Questo, da un mese a questa parte, è stato il tenore della retorica governativa rispetto alle operazioni di demonetizzazione delle banconote da 500 e 1000 rupie, pari all’86 per cento della liquidità in circolo nel paese. Una misura straordinaria e storica per colpire, una volta per tutte, i mali atavici della corruzione, della stampa di banconote false e dell’evasione fiscale, responsabili principali del freno che blocca il potenziale inespresso dell’economia indiana. La popolazione è stata invitata a più riprese a «sopportare» gli inconvenienti temporanei del «credit crunch» interpretando le difficoltà da sormontare come la lotta che gli «indiani per bene», al fianco del governo, combattono contro le tante mele marce che accumulano «black money» togliendolo a chi più ne ha bisogno.

Si tratta di un impianto epico molto ben architettato e, ad oggi, assolutamente efficace. Considerando le difficoltà che oggi tutti, in India, sono tenuti ad affrontare, la situazione dell’ordine pubblico nel paese è tutto sommato ampiamente sotto controllo e secondo diversi sondaggi – più o meno pilotati – la stragrande maggioranza degli indiani sostiene la misura promossa dal proprio leader; anche se significa pagarne in prima persona in termini di tempo, giornate di lavoro perse in fila in banca, spese quotidiane rimandate, soldi persi nel cambio affidato allo strozzinaggio di quartiere, calo delle vendite e dei consumi, enorme insicurezza del futuro.

Narendra Modi e i suoi ministri, messi di fronte alle condizioni critiche di milioni di persone e agli impedimenti logistici della distribuzione di nuove banconote correnti, hanno spiegato che l’emergenza temporanea può essere facilmente superata cambiando le proprie abitudini di consumo, passando da un’economia «cash» a un’economia «cashless». O ancora più chiaramente, nel solco delle frasette ad effetto tipiche dell’amministrazione modiana, passare dai «soldi di carta» ai «soldi di plastica»: carte di credito, carte di debito, pagamenti online attraverso le app e gli e-wallet dei propri smartphone.

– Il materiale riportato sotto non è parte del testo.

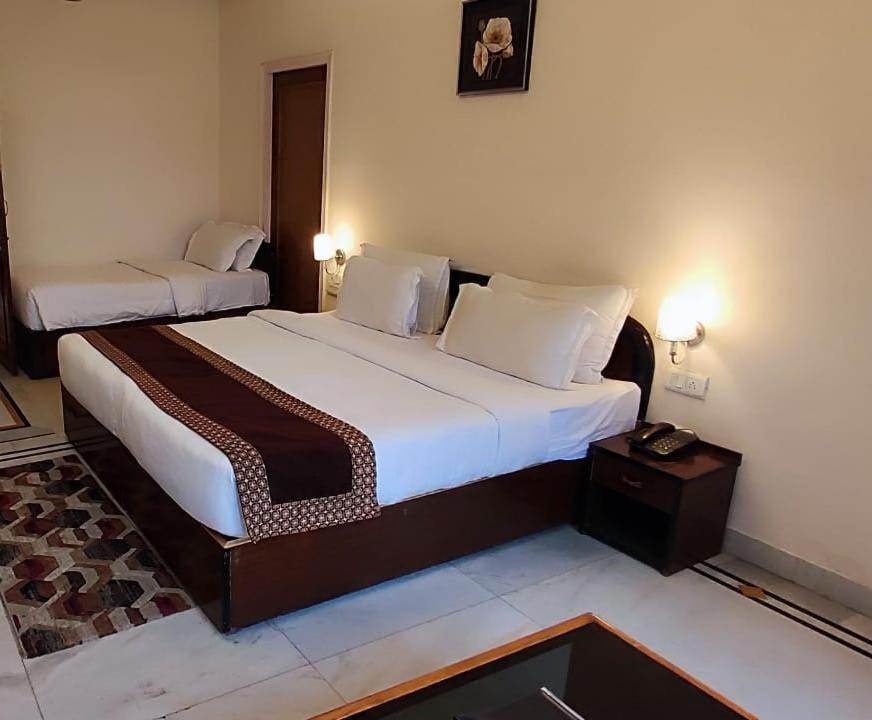 Basic Triple Room With Shared Bathroom photo 1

Insomma, basta usare le carte di credito o l’instant payment online e «chi non ha soldi sporchi non ha nulla di cui temere» (Arun Jaitley, ministro delle finanze, dixit): grazie al setaccio forzate di tutta la cartamoneta attraverso il sistema delle banche, chi ha rubato verrà scoperto e punito, lo stato (quindi, per estensione, tutti gli indiani di buona volontà) guadagnerà entrate precedentemente evase e quei soldi, prima negati alla collettività, saranno utilizzati a fin di bene.

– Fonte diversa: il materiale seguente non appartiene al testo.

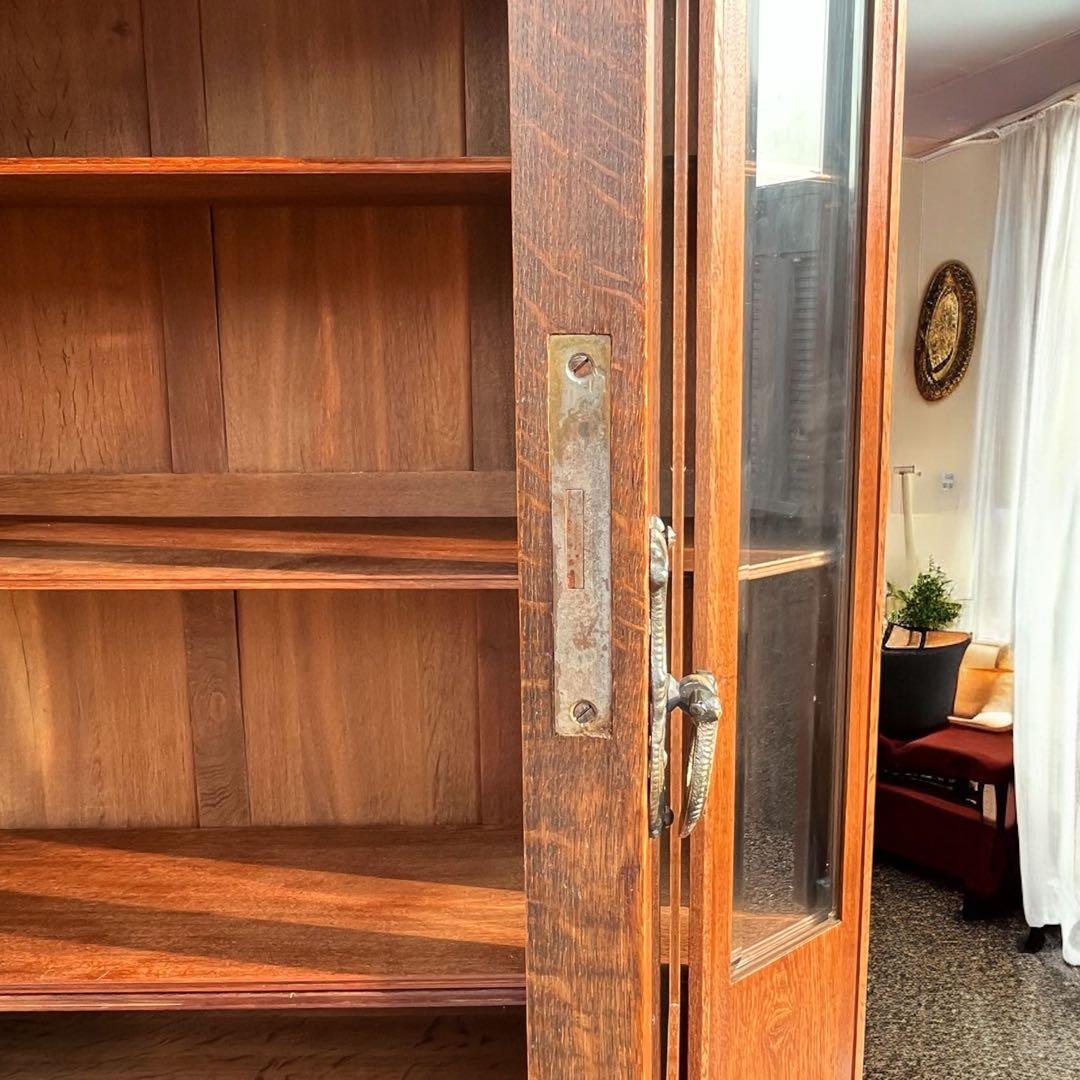 たーちゃん❣️アンティーク家具 本棚 キュリオケース キャビネット 店舗什器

Tutto bellissimo ma molto, molto vago, a partire dai numeri.

Prima di tutto, di quanti soldi stiamo parlando?

Banconote false

Secondo i dati della Reserve Bank of India (Rbi), ripresi da Firstpost, nel 2015/16 in India il valore di tutte le banconote in circolazione in India era pari a 16.410 miliardi di rupie (225 miliardi di euro); di queste, il valore totale delle banconote false rilevate dalla Rbi era pari a 296,4 milioni di rupie, cioè lo 0,0018 per cento del totale. Attenzione, queste sono solo le banconote che la Rbi ha identificato da sola, a cui dobbiamo aggiungere tutte quelle sequestrate dalla polizia nel 2015 (438 milioni di rupie) e fino al 30 settembre del 2016 (278 milioni di rupie). In totale, quindi, fanno 1.012,4 milioni di rupie, poco più di un miliardo di rupie, cioè un sedicimillesimo di tutti i soldi in contanti che girano in India.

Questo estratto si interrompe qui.